January 3, 2018 By Rick M Robinson 2 min read

By and large, the news in 2017 was not good on the cybersecurity front. Whether you follow media headlines or industry studies, attacks are up, breaches are larger and threat actors are more sophisticated than ever. Unfortunately, many organizations fail to take basic precautions to mitigate these risks. As a result, breaches often go unreported, leaving millions of customers unaware that their personal data is exposed.

The technical challenges are growing, but technical solutions are also increasingly available. However, many of these tools go unused or unnoticed by organizations. The real issue here is cybersecurity leadership — or a lack thereof.

Staying Out of the Spotlight

CIO Insight detailed some of 2017’s most noteworthy breaches and the blunders that put those companies in a negative media spotlight. Failures at the leadership level included negligence in risk management and poor handling of incidents after they occurred. These lapses ran the gamut from embarrassing to infuriating.

For example, a cybersecurity consulting firm failed to implement basic protections on its network and took months to discover that its most confidential customer discussions were exposed. Similarly, a financial firm failed to notify millions of consumers that their data had been compromised and even endeavored to mislead them once the breach went public.

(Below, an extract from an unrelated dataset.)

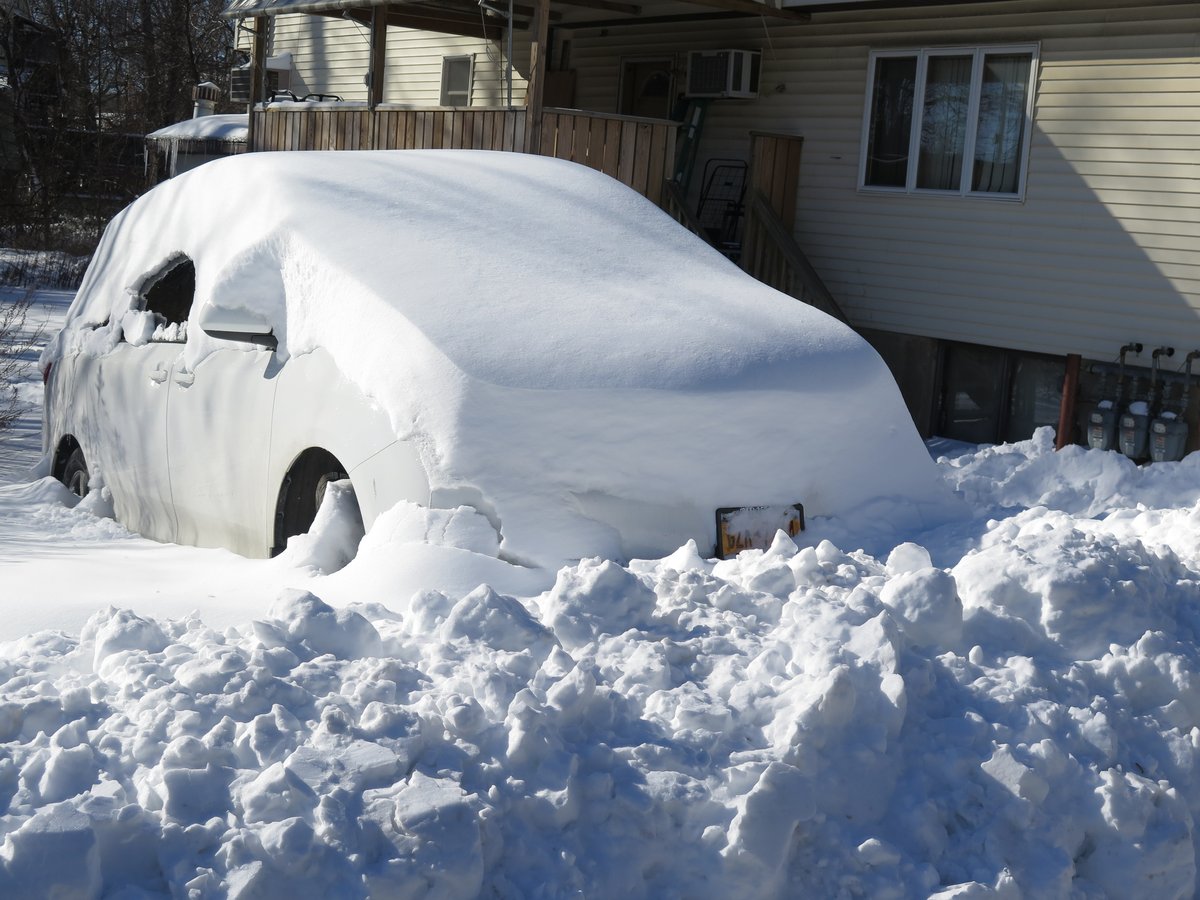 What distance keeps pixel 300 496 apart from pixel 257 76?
1240 centimetres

Study results may not be quite as vivid, but they are just as alarming. According to the Identity Theft Resource Center (ITRC), the total number of breaches rose 40 percent in 2016, and a midyear report by the same firm predicted another 37 percent jump by the end of 2017. Furthermore, a recent Ponemon study revealed that 56 percent of companies experienced a breach due to third-party error last year, a 7 percent increase over 2016.

At least we can conclude that false confidence is not the problem. Only 17 percent of respondents to the Ponemon survey said their organizations were effective in minimizing third-party risk, down from 22 percent a year ago. In addition, only 35 percent said they expected their third-party partners to promptly notify them of a breach. When it comes to fourth parties and beyond, that number fell to just 11 percent.

The Cybersecurity Leadership Deficit

All of these failures, CIO Insight noted, point to “a completely broken mindset and haphazard approach” to cybersecurity. This attitude is shaped from the top, if only passively, through inaction. As such, it can only be changed from the top. That’s why security leaders must help executives understand the organization’s risk posture from both a security standpoint and a business perspective. For their part, top leadership must become more involved in cybersecurity initiatives and budget accordingly.

The essential element of leadership is not in the particulars, but in active engagement with security challenges. Attackers are out there, but effective defense measures are available to help organizations protect their most sensitive data. Cybersecurity leadership consists of recognizing the dangers and taking them on, not reacting with passivity and evading responsibility.